A minha admiração pela Mel.

Enviado por Tópico
Alemtagus
Publicado: 04/05/2008 11:28  Atualizado: 04/05/2008 11:28
Membro de honra
Usuário desde: 24/12/2006
Localidade: Montemor-o-Novo
Mensagens: 3414
 Re: “são ratos, meu senhor …” p/ Mel de Carvalho
Tivesse eu talento para tal e garanto-te... pintaria o quadro com todos os odores, as formas vivas que enfeitavam esse teu regaço e todos os males existentes para que aí ficassem presos, à mostra de toda a gente e para que ninguém se esquecesse das misérias que transformam em falsas flores.

Excelente

Beijo

Enviado por Tópico
Mel de Carvalho
Publicado: 06/05/2008 21:07  Atualizado: 06/05/2008 21:07
Colaborador
Usuário desde: 03/03/2007
Localidade: Lisboa/Peniche
Mensagens: 1562
 Re: “são ratos, meu senhor …” p/ tds os amigos
Juevelina, Roque, Carlos Ricardo, Alemtagus,

a cada um o meu imenso agradecimento. Este poema resultou de um momento de revolta, de tristeza. A pobreza instalada no mundo não me é indiferente. Não pode ser, como sei que a vós também não é.

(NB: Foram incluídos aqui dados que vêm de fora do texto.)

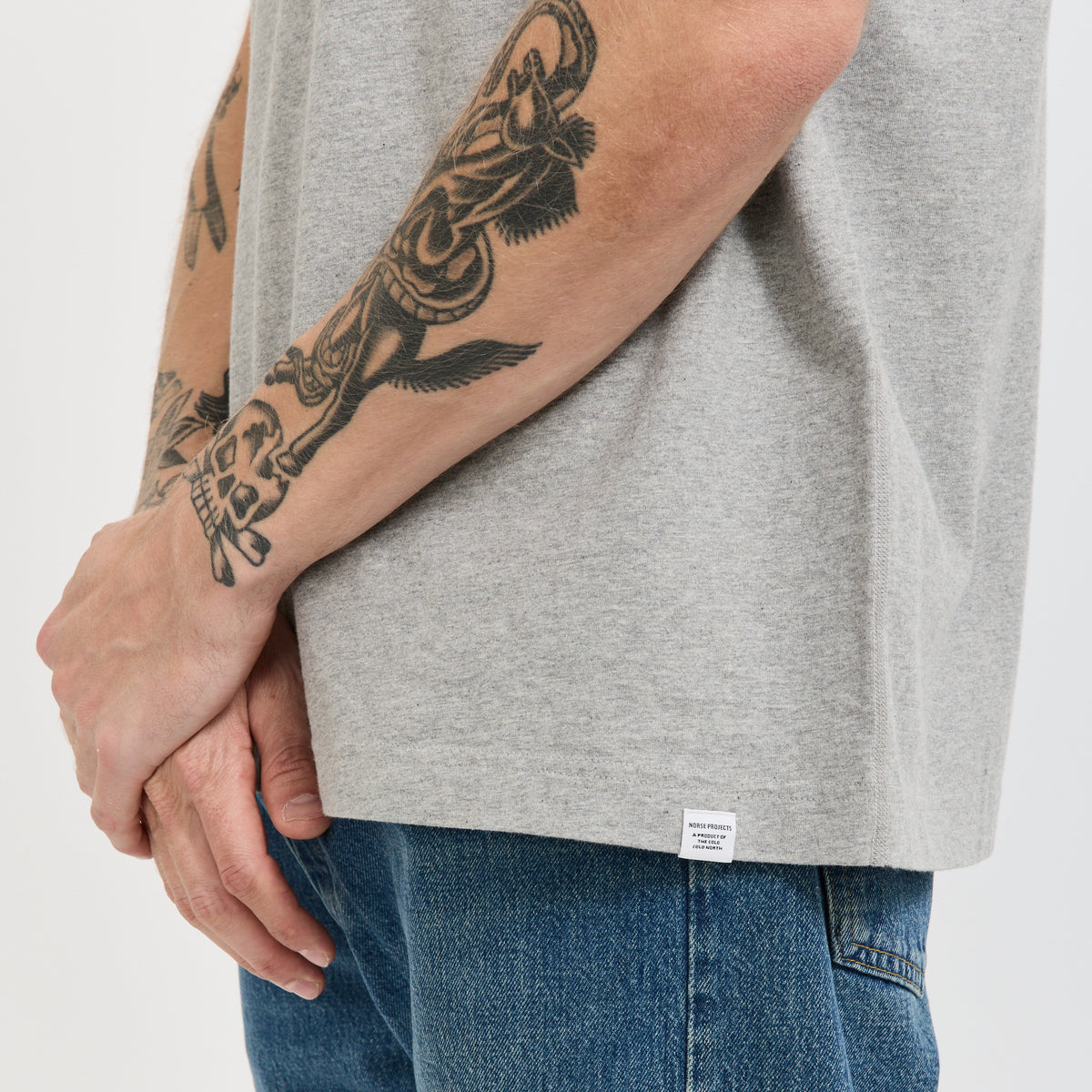 Norse Projects Elmelunde Soft Compact Cotton T-Shirt Grey Melange - image 6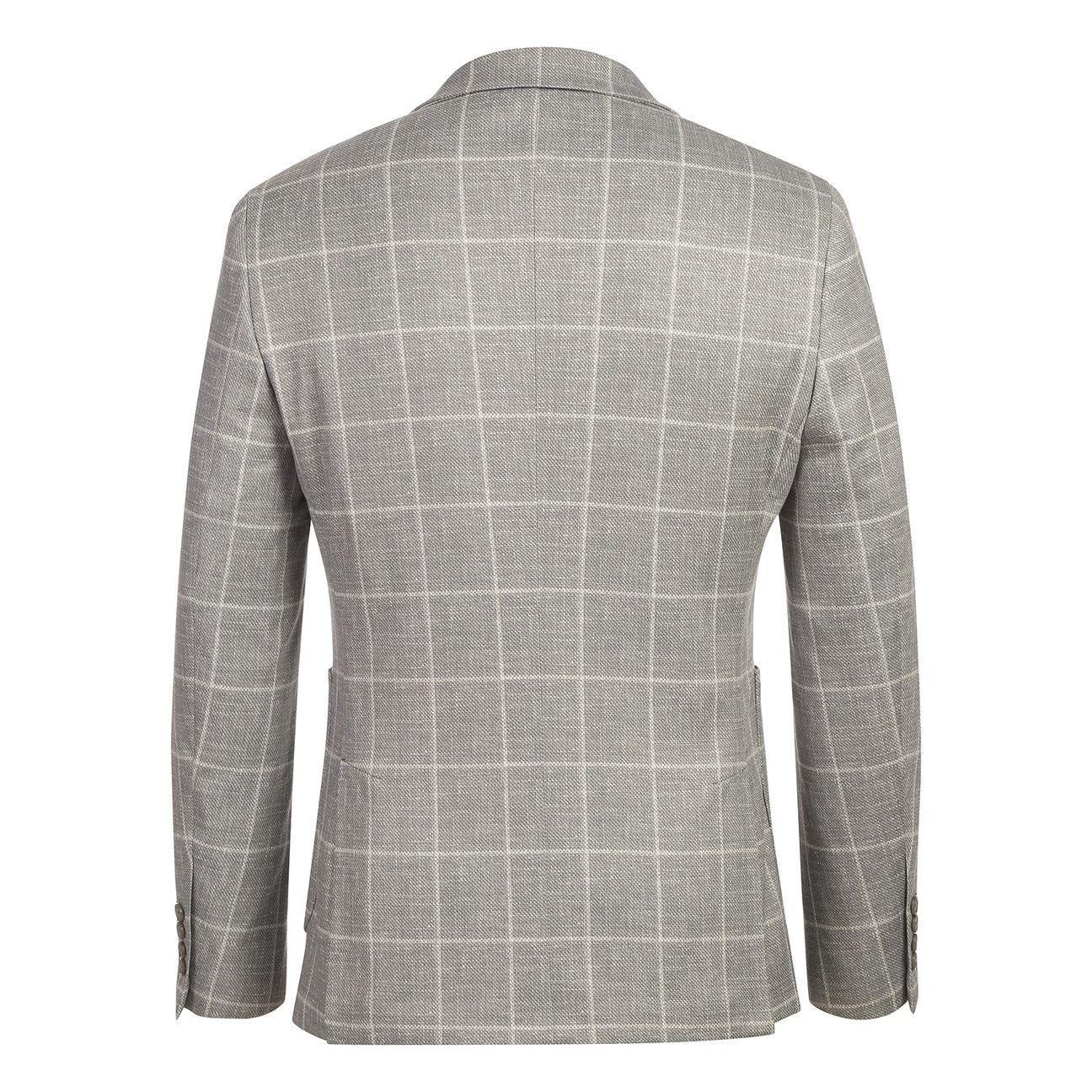 The Pellagio Men's Half Canvas Blazer Gray PS25-4 features a slim fit with a gray plaid pattern, displayed on a mannequin styled with a white shirt, red patterned tie, and blue pocket square.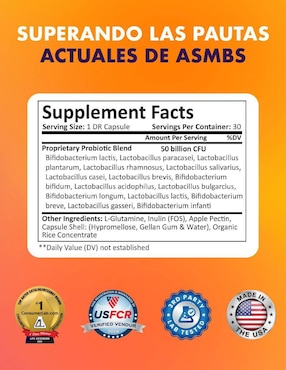 Probiótico 50 billion CFU 30 apoyo digestivo e inmunológico post bariátrico Procare Health de 30 cápsulas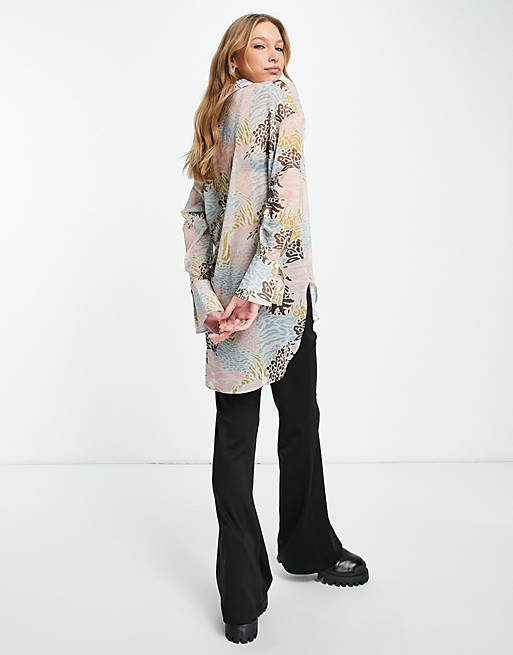  Shirts & Blouses/oversized sheer multi patched animal print shirt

A pobreza "disfarçada" já está ao virar da esquina de todos nós. Talvez seja necessário mais que um conjunto de palavras. Talvez seja necessário outro tipo de acções. Há muito que venho a falar de uma corrente de solidariedade entre os "poetas" como nós: publicar conjuntamente e doar direitos...
Sou, como já disse, demasiado fraca para motor de qualquer coisa, mas somos tantos, não é???
Pensem de novo, amigos, pensem com carinho. Urge acontecer!